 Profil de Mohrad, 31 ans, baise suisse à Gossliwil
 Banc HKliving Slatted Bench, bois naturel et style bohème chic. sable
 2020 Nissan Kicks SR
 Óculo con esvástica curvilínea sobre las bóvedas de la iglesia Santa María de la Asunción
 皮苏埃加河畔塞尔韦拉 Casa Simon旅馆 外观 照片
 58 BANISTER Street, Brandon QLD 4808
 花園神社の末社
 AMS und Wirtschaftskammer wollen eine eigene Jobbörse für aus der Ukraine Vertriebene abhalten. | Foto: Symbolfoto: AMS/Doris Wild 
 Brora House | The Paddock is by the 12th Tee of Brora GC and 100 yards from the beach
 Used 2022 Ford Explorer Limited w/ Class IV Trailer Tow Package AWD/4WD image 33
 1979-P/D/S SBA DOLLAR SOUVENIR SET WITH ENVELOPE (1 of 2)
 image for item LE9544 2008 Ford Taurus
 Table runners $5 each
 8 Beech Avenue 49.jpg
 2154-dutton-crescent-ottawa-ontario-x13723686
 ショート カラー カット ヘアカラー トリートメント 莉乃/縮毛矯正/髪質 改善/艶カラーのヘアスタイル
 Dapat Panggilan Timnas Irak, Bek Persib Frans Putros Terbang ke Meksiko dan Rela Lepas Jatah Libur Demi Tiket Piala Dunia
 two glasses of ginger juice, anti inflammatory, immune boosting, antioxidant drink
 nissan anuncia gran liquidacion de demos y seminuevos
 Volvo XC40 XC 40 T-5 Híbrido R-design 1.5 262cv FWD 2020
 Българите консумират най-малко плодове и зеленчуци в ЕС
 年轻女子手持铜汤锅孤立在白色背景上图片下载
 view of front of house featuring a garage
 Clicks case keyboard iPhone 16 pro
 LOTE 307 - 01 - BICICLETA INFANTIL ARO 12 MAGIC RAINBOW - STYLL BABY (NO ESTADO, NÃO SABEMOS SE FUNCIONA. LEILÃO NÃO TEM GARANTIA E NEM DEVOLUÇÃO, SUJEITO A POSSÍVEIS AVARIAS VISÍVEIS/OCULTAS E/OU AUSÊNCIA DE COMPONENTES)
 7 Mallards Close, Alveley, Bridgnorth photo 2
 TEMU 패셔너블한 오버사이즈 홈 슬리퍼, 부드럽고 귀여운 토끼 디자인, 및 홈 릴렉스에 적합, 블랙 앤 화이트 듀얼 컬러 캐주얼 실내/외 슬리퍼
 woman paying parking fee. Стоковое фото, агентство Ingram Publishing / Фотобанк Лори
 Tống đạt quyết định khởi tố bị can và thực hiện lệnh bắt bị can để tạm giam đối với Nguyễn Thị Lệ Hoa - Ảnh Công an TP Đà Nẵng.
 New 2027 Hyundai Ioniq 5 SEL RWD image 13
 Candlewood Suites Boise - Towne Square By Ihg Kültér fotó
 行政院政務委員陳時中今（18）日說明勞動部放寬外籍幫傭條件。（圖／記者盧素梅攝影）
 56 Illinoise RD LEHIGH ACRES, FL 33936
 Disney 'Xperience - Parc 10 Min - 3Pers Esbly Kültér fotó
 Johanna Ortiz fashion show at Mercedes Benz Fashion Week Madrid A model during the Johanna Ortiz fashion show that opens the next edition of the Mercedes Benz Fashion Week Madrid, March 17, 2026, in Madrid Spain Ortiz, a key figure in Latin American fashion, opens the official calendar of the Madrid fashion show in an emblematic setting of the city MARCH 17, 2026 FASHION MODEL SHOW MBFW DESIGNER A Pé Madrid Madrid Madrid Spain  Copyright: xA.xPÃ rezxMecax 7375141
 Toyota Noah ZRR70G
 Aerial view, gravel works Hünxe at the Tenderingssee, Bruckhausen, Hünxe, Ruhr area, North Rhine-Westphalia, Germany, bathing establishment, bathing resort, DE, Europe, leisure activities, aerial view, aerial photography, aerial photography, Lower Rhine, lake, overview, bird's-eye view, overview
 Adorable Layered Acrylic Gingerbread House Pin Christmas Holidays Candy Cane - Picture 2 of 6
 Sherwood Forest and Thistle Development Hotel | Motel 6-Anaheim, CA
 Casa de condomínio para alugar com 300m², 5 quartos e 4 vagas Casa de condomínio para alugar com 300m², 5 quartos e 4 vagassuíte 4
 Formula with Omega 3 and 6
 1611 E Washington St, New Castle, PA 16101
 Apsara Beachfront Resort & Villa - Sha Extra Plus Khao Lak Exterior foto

• [TASK REQUIREMENTS]: Set down the line that contains "Formula with Omega 3 and 6" exactly. Do the same for each later line of the data, through the end, and add nothing.

• [RESPONSE]:
 Formula with Omega 3 and 6
 1611 E Washington St, New Castle, PA 16101
 Apsara Beachfront Resort & Villa - Sha Extra Plus Khao Lak Exterior foto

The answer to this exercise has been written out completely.